▸ Material shown:
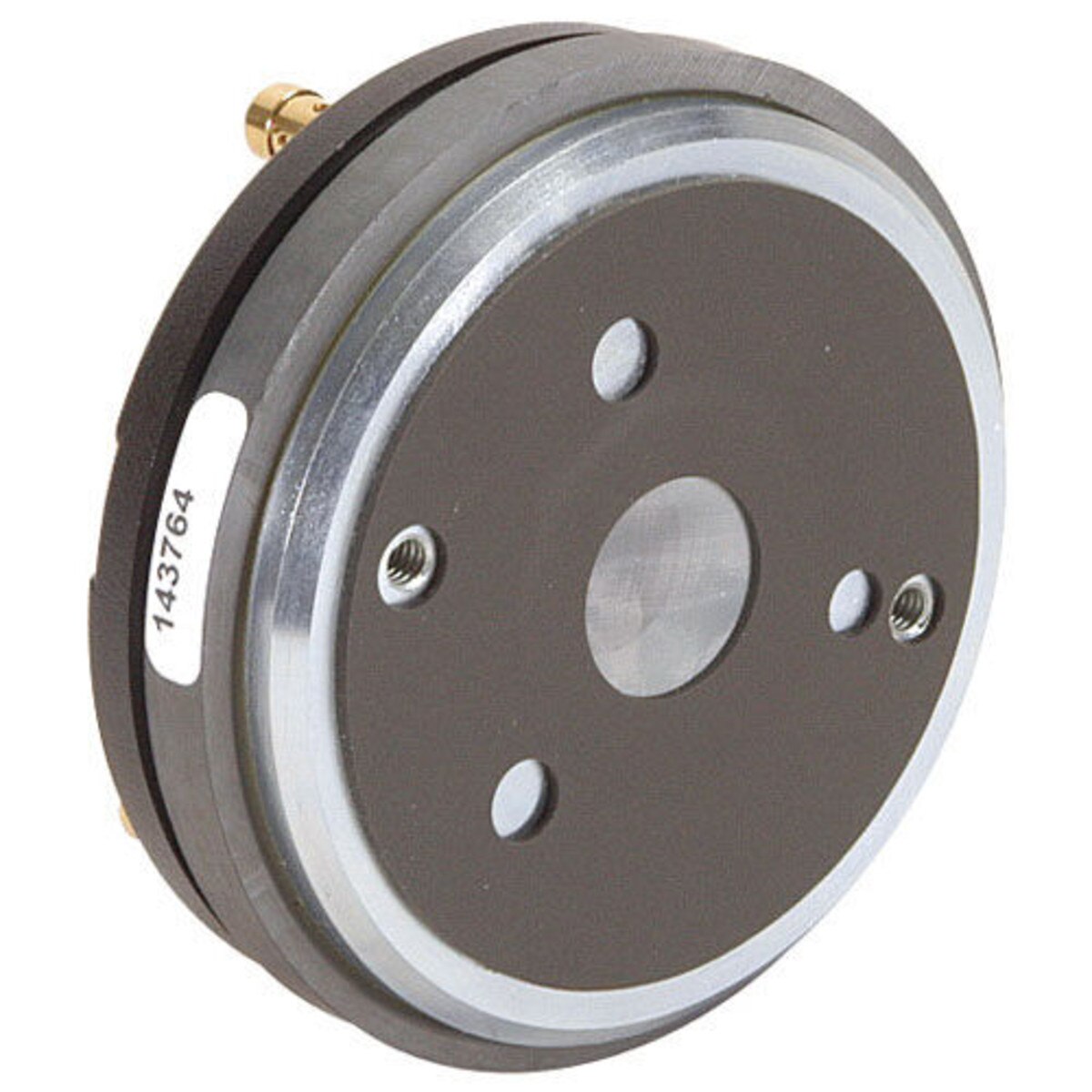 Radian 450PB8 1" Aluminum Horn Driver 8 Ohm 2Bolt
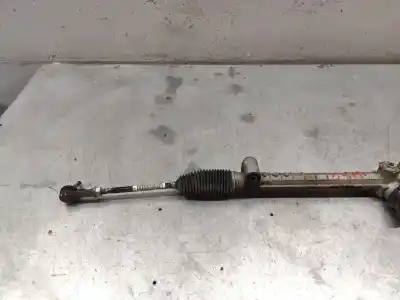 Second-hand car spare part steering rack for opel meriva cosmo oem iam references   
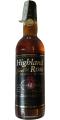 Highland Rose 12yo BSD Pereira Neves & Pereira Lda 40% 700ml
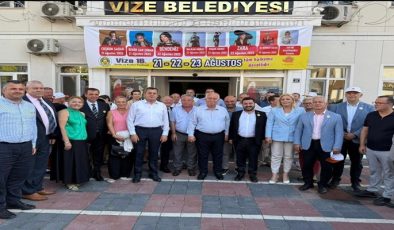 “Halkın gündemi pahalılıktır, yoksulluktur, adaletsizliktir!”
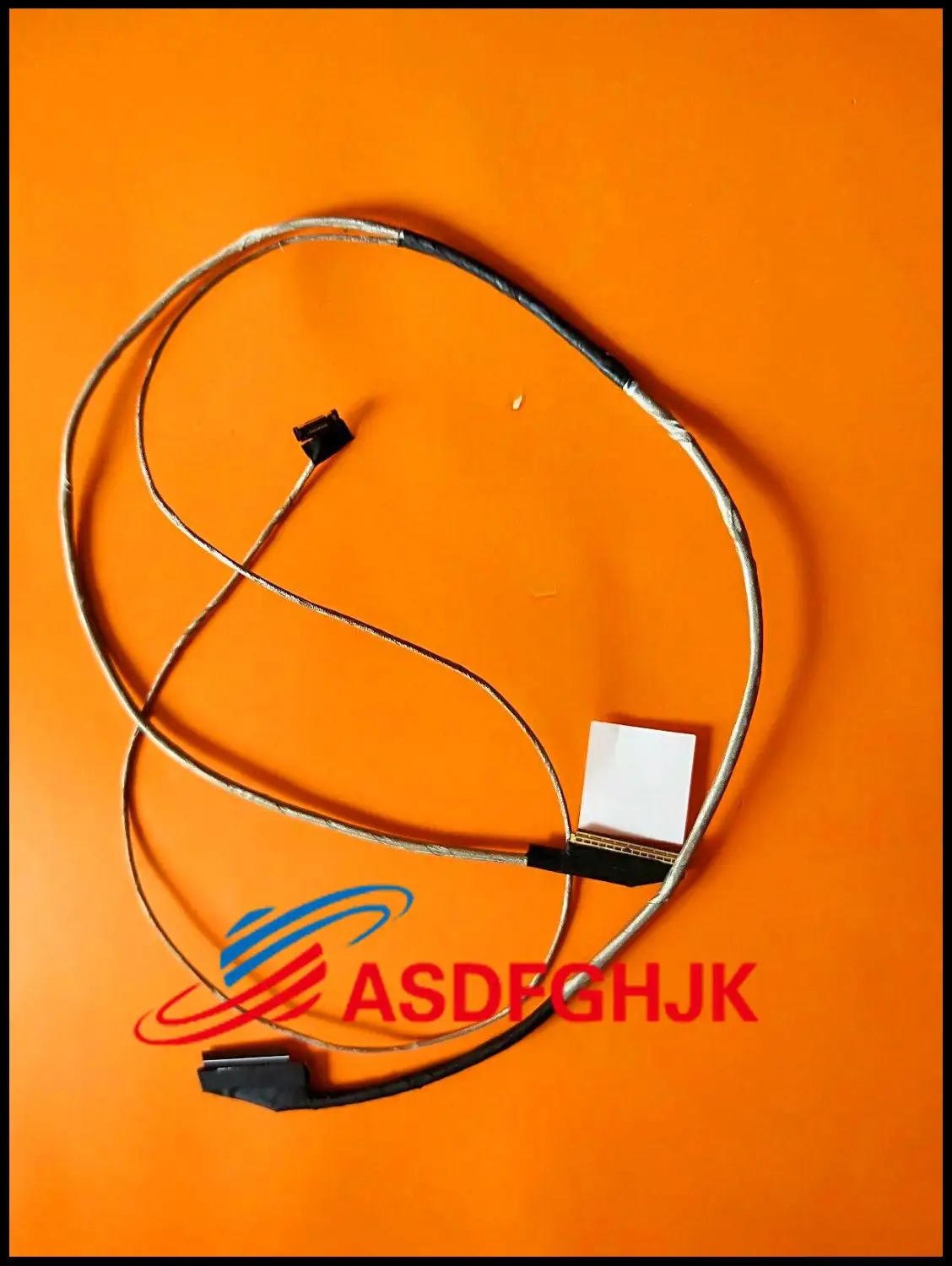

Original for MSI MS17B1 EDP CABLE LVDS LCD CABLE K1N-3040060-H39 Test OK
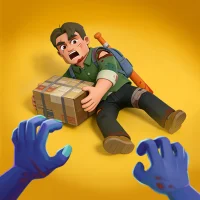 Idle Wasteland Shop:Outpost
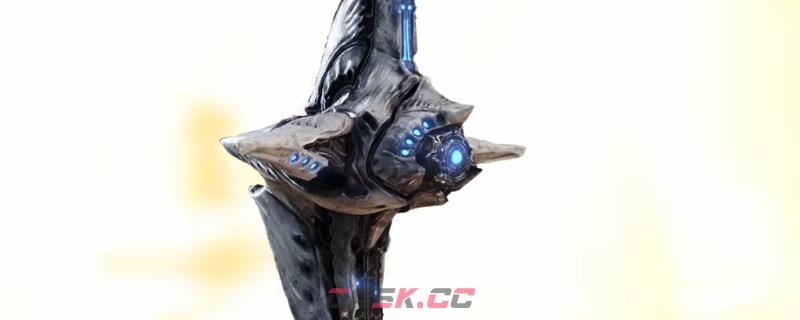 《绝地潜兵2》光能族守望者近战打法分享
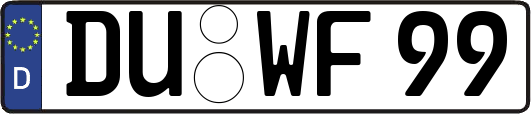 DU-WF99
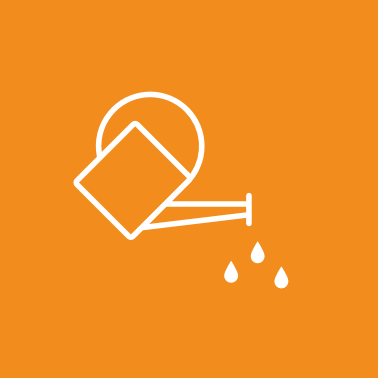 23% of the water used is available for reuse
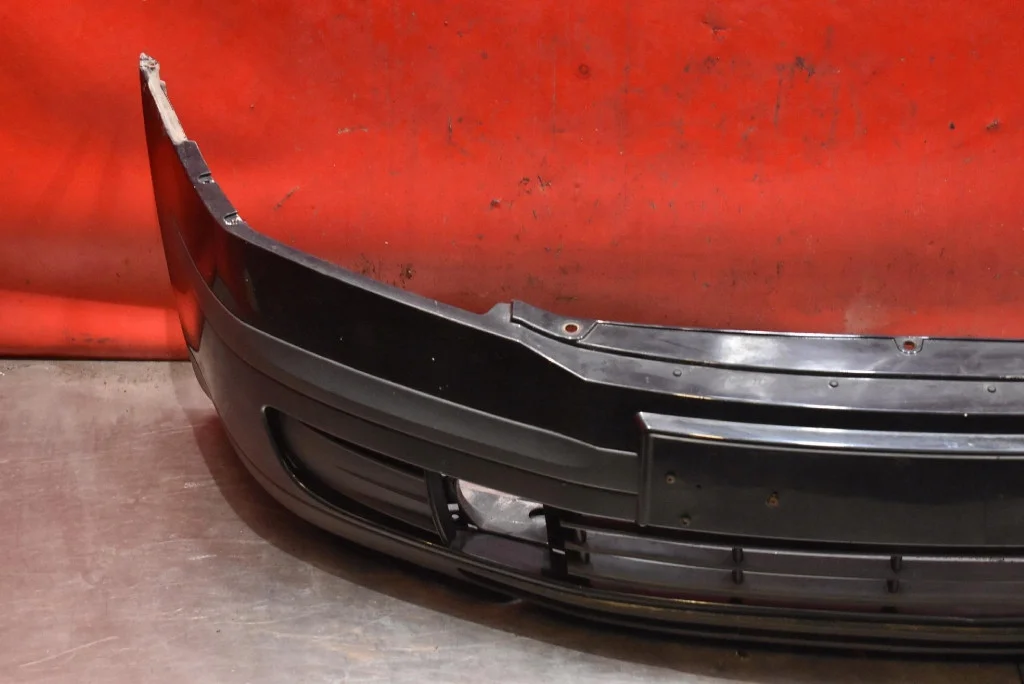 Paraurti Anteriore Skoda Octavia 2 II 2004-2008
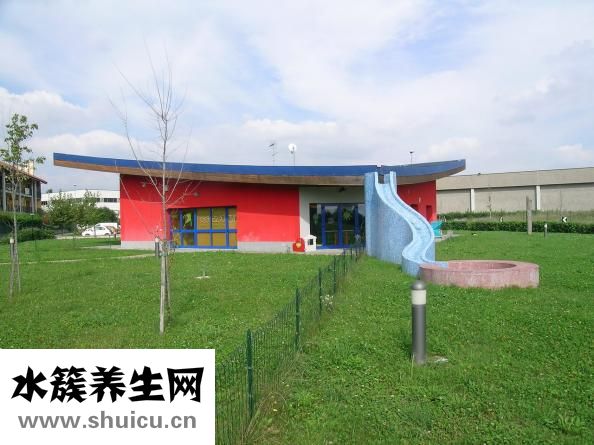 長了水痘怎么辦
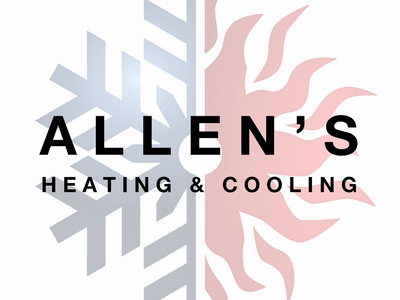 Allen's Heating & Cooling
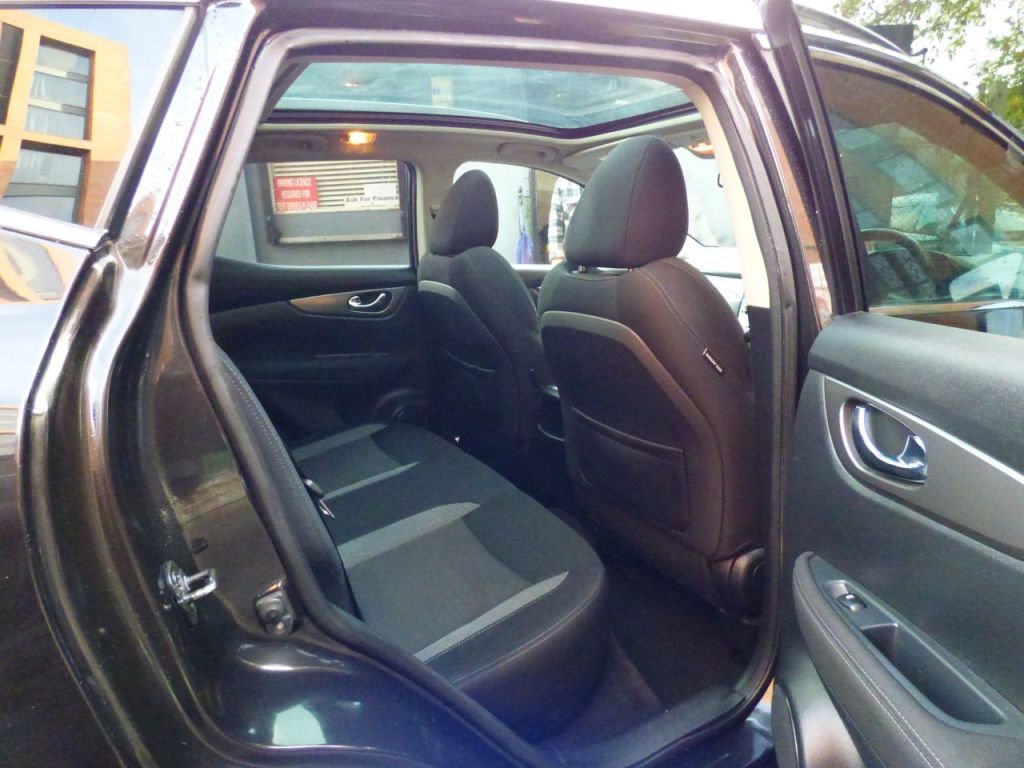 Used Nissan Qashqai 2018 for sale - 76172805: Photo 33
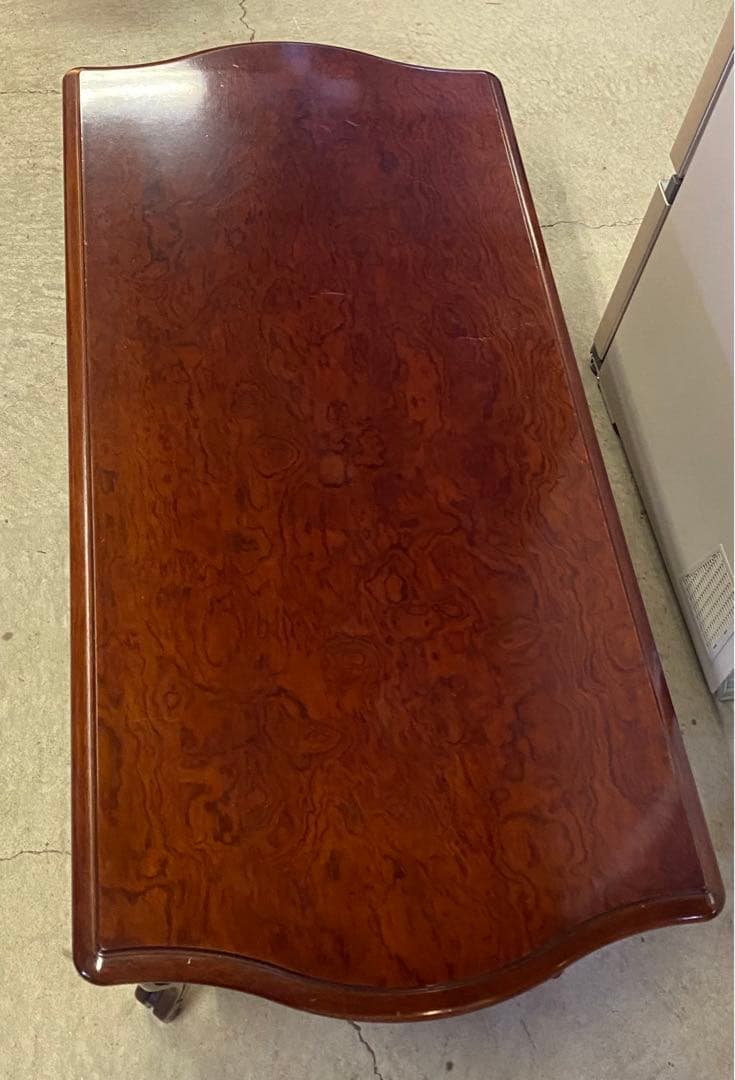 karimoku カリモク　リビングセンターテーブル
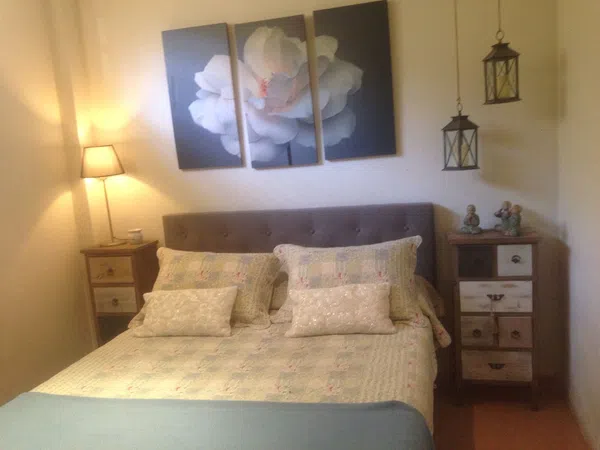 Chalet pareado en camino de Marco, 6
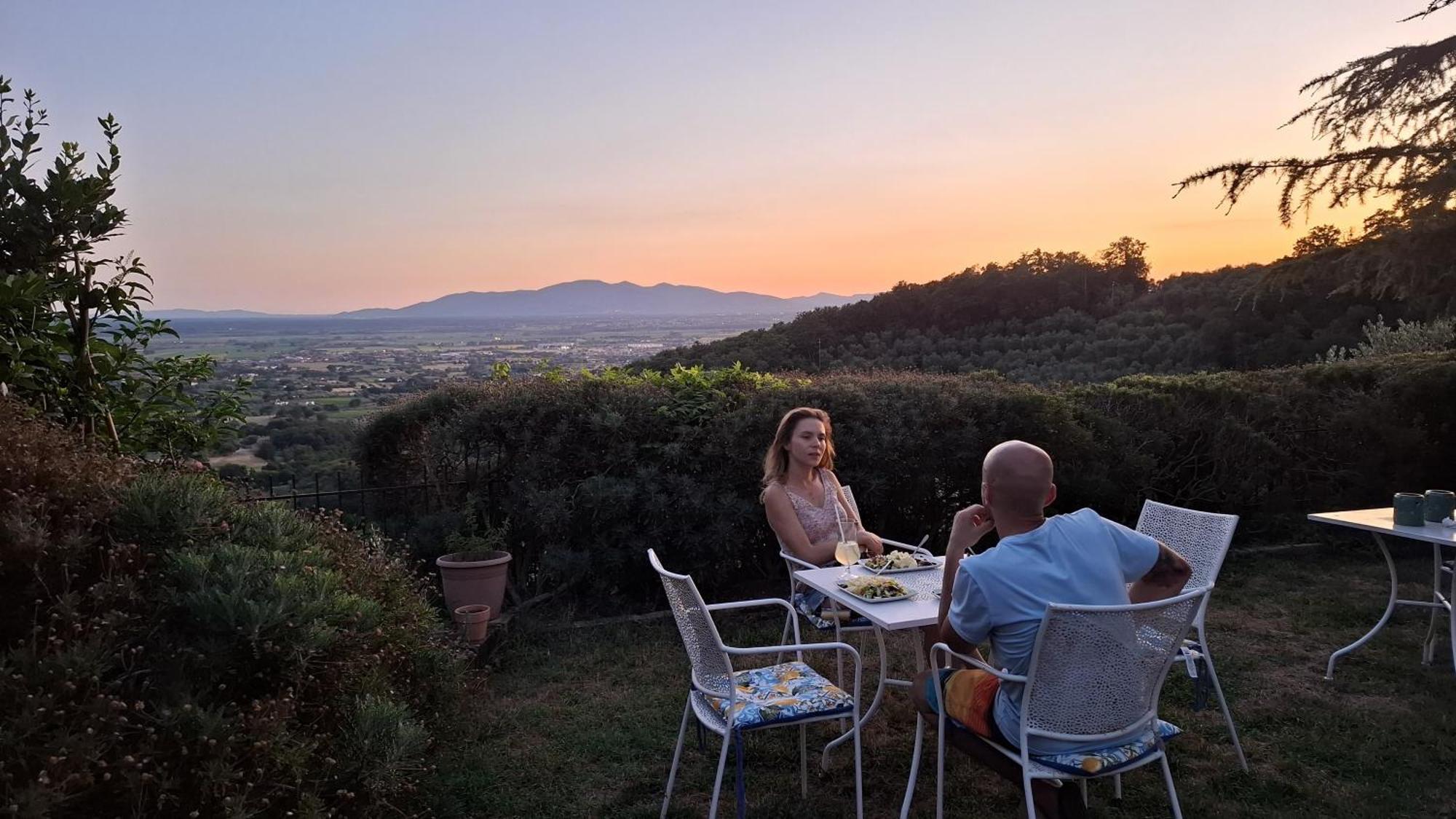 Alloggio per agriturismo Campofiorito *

▸ What is expected: Word for word, restate all of the records. Exclude the pictures.

▸ Reply:
 Radian 450PB8 1" Aluminum Horn Driver 8 Ohm 2Bolt
 Second-hand car spare part steering rack for opel meriva cosmo oem iam references   
 Highland Rose 12yo BSD Pereira Neves & Pereira Lda 40% 700ml
 “Halkın gündemi pahalılıktır, yoksulluktur, adaletsizliktir!”

Original for MSI MS17B1 EDP CABLE LVDS LCD CABLE K1N-3040060-H39 Test OK
 Idle Wasteland Shop:Outpost
 《绝地潜兵2》光能族守望者近战打法分享
 DU-WF99
 23% of the water used is available for reuse
 Paraurti Anteriore Skoda Octavia 2 II 2004-2008
 長了水痘怎么辦
 Allen's Heating & Cooling
 Used Nissan Qashqai 2018 for sale - 76172805: Photo 33
 karimoku カリモク　リビングセンターテーブル
 Chalet pareado en camino de Marco, 6
 Alloggio per agriturismo Campofiorito *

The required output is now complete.